The optimistic outlook follows a strong performance in December, when Dos Bocas briefly hit peaks of 320,000 b/d. CFO Juan Carlos Carpio characterized the current phase as a transition from testing to maximum capacity, noting that total domestic throughput reached 1.2 million b/d in the final month of the year. When combined with the Deer Park refinery in Texas, Pemex projects a total processing rate of 1.5 million b/d by 2026.
Infrastructure and Debt Strategy
To reach these targets, the utility is finalizing a coker unit at the Tula refinery, which is currently 70% complete, while a similar project at Salina Cruz is expected to come online in 2027. According to Carpio, these upgrades will convert heavy fuel oil into 30,000 to 60,000 b/d of higher-value distillates. On the financial front, Energy Minister Luz Elena González reported a 20% reduction in debt since 2018, though the company continues to navigate significant obligations to its supply chain.CEO Víctor Rodríguez Padilla confirmed that Pemex paid more than 390 billion Mexican pesos ($22.41 billion) to suppliers in 2025. To address outstanding debts from the previous two years, the company is utilizing a MXN200 billion credit line from the development bank Banobras. This liquidity is being prioritized for smaller firms in regional hubs like Tabasco and Veracruz that were hit hardest by payment delays.

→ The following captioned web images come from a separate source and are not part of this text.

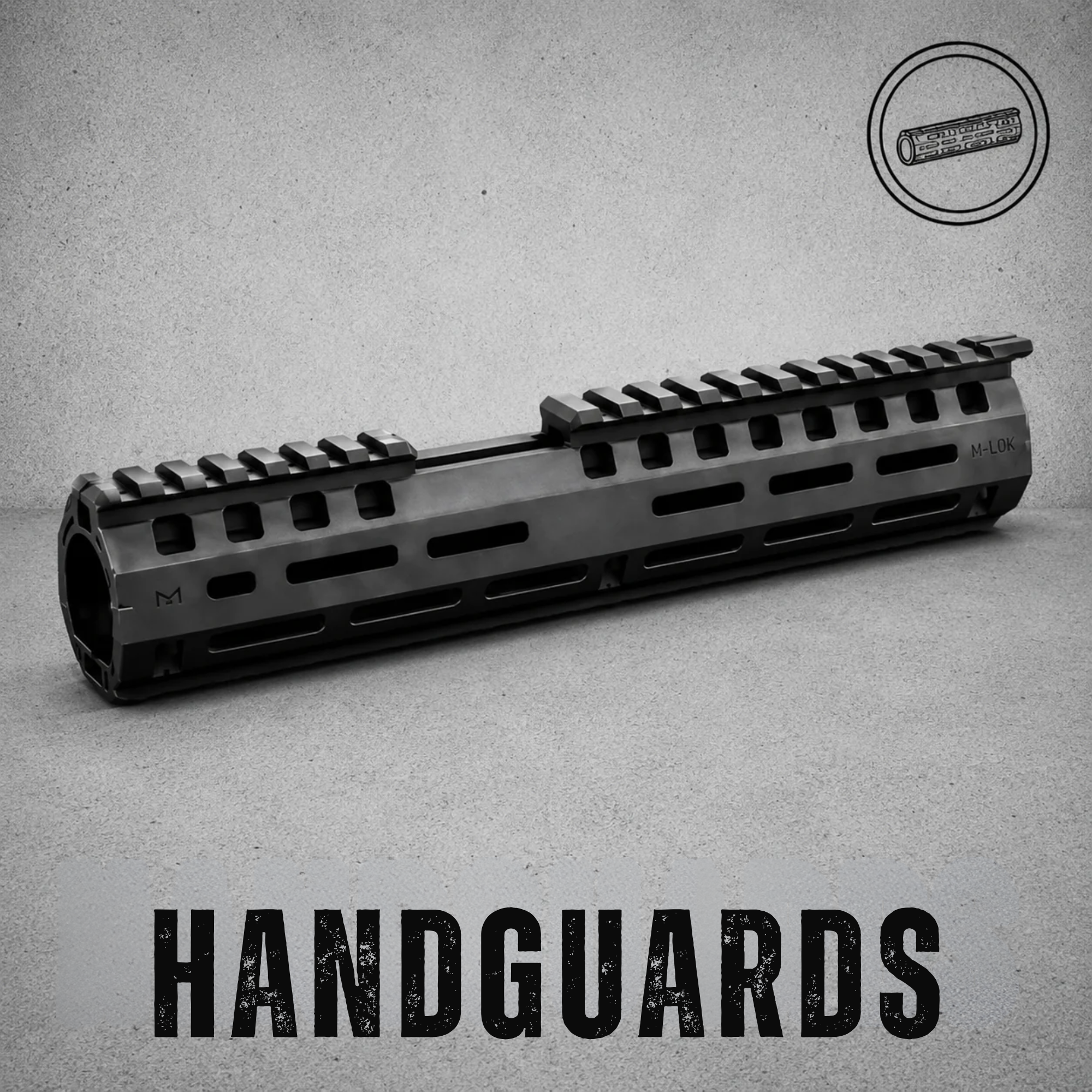 Handguards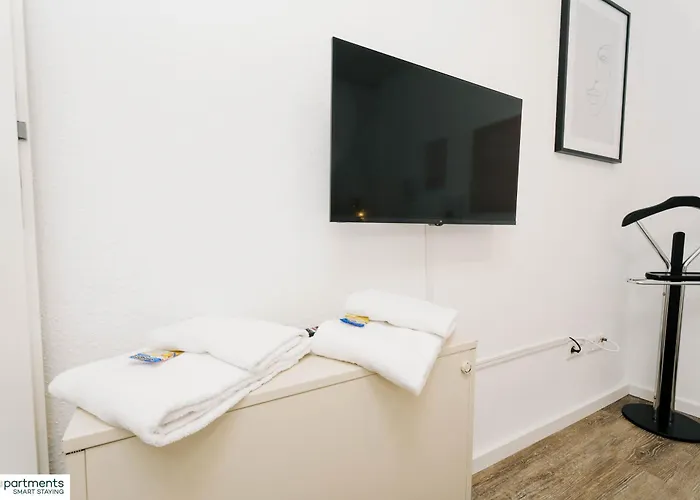 Tiny House Im Kreuzviertel, 49qm, Hinterhof Appartamento *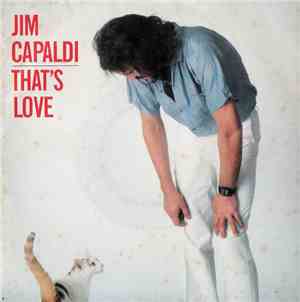 Jim Capaldi - That's Love
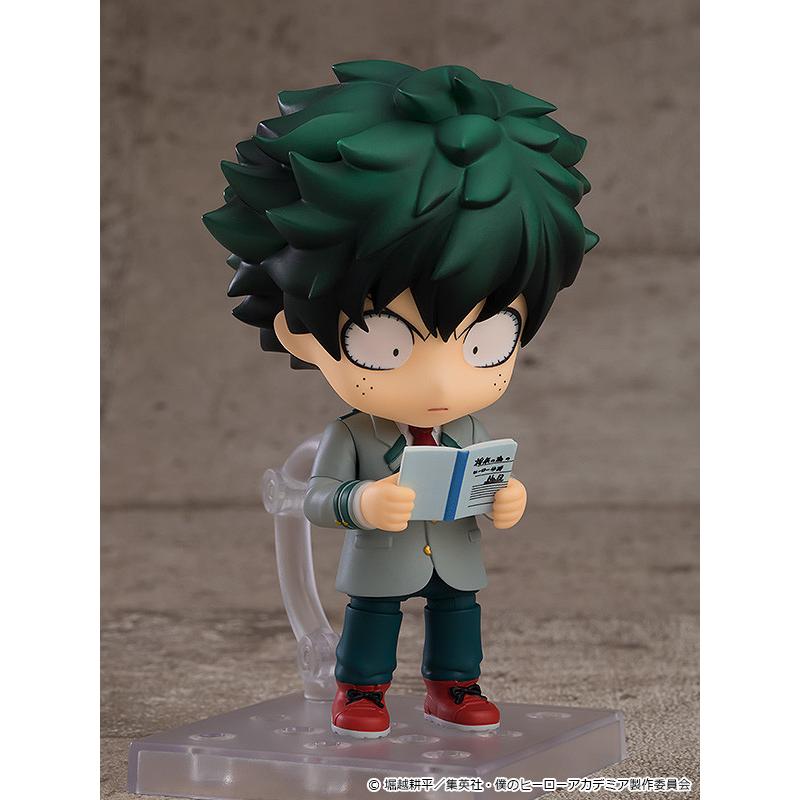 再販 グッドスマイルカンパニー 『僕のヒーローアカデミア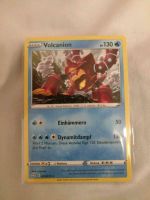 Pokemon Volcanion 025/072, SHF 25 Bayern - Wildpoldsried Vorschau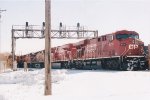 CP 8714 West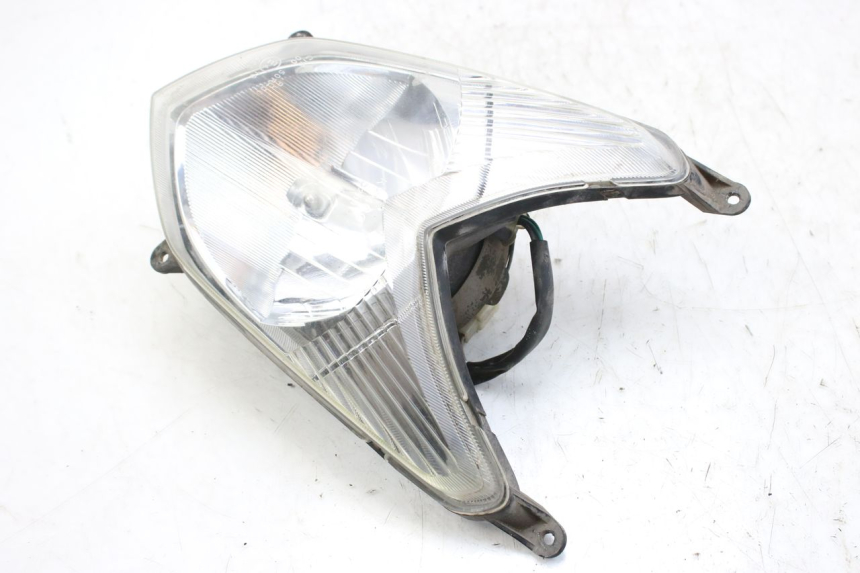 photo de FRONT HEADLIGHT KYMCO AGILITY 4T 50 (2005 - 2018)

Meanwhile, Pemex is shifting its investment focus toward upstream growth, earmarking MXN425 billion for exploration and production—a 34% increase over last year’s budget. These funds are specifically allocated to advance critical deep-water projects, including Trión, Zama, and Maloob. The company is expected to provide further details on its fiscal standing when it releases fourth-quarter financial results later this month.
Comments (0)
No comments yet. Be the first!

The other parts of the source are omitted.